[DATA SHOWN]
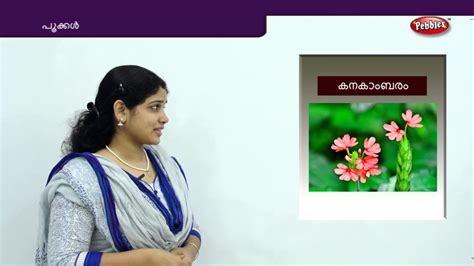 This telugu names list contains cute, modern, unique and beautiful names for boy child. Learn flowers Names in Malayalam | Pookkal | Preschool ...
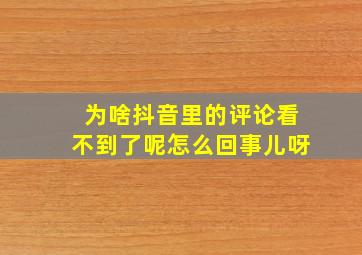 为啥抖音里的评论看不到了呢怎么回事儿呀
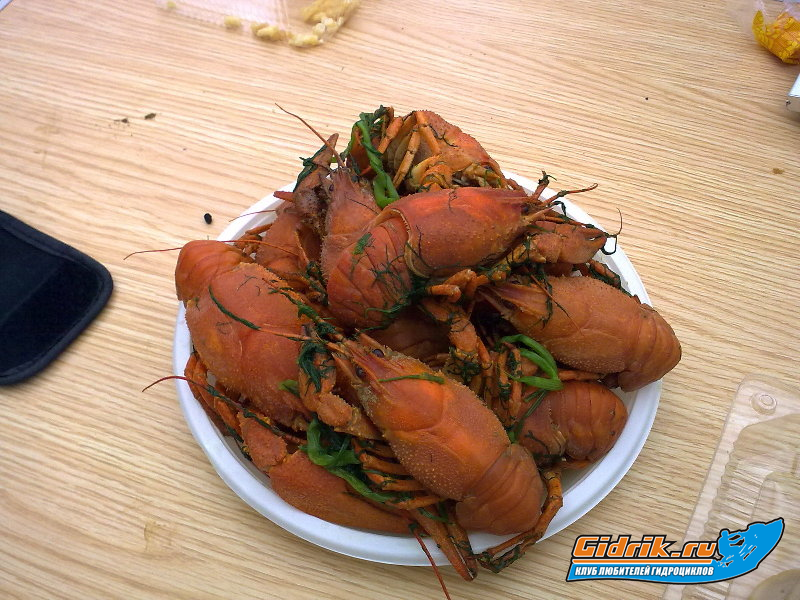 27062009230_resize.jpg
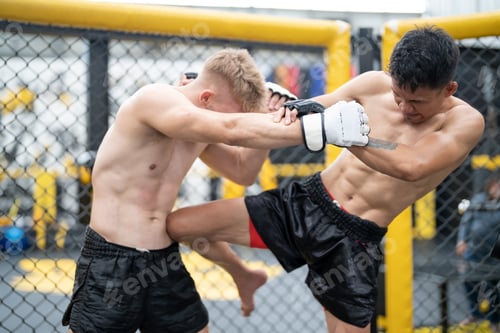 Preview: Focused fighter delivering a blow to the body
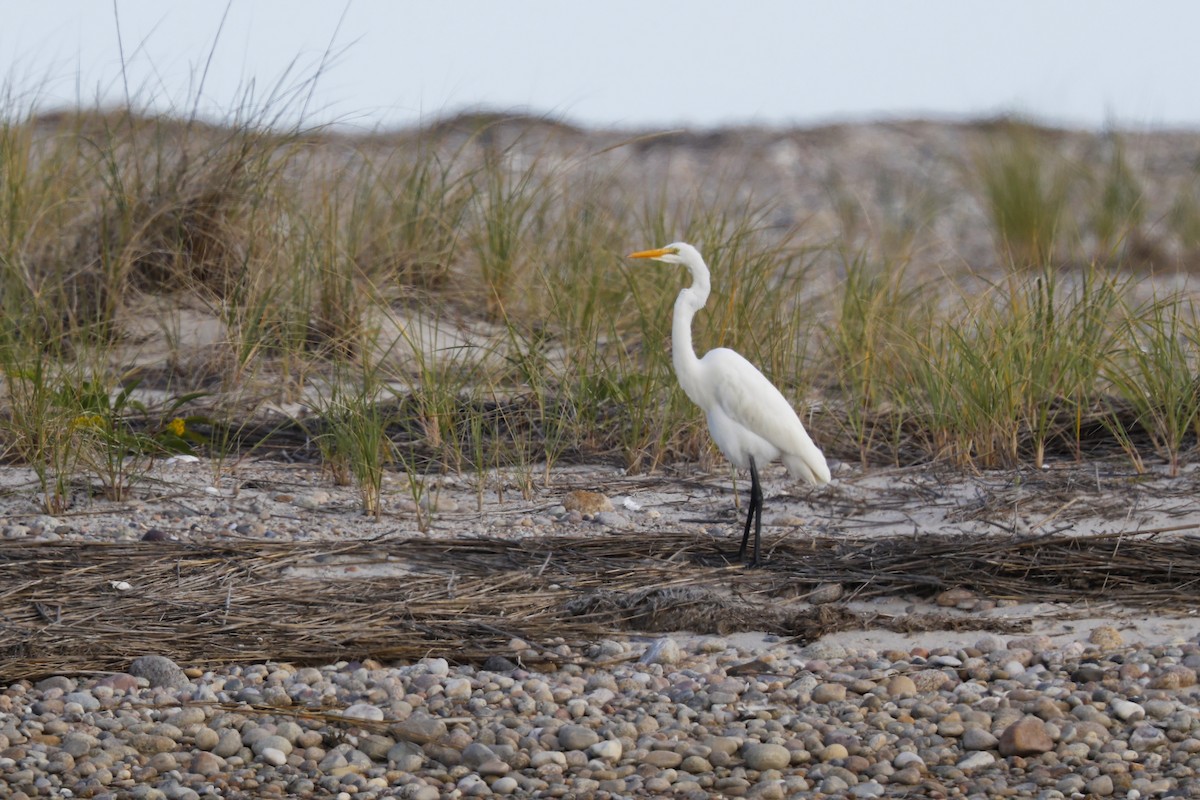 Great Egret - ML642294982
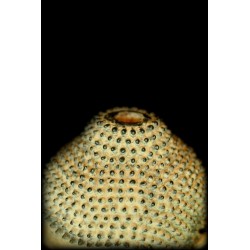 Antiker stehender Buddha aus Holz – Laos, 18.–19. Jahrhundert, 105 cm - T138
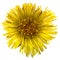 Flower of foalfoot (Tussilago farfara), isolated on white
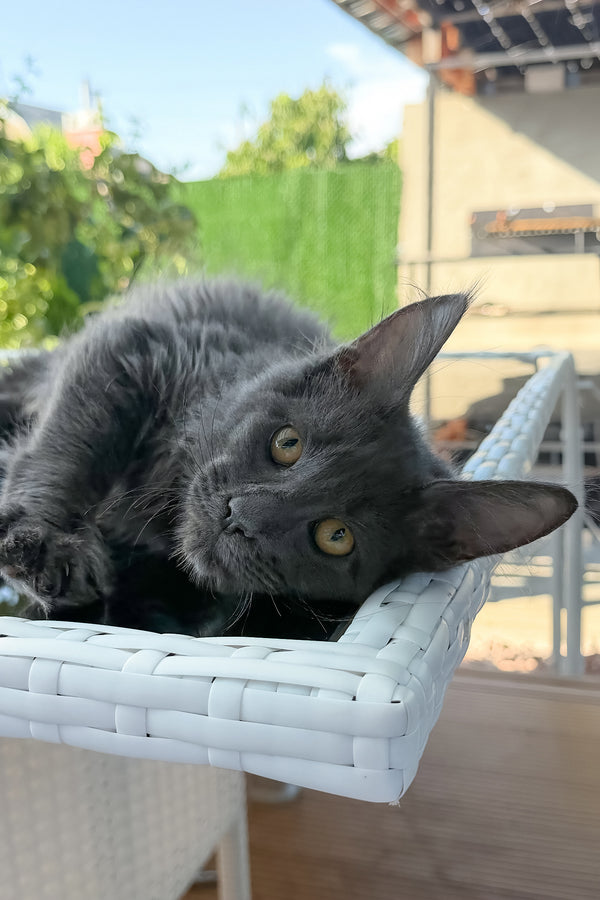 Topaz | Maine Coon Kitten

[WHAT TO WORK ON]
Quote, without alteration, the lines running from the line containing "Flower of foalfoot" to the last line of the entries, and include no pictures.

[EXPECTED ANSWER]
 Flower of foalfoot (Tussilago farfara), isolated on white
 Topaz | Maine Coon Kitten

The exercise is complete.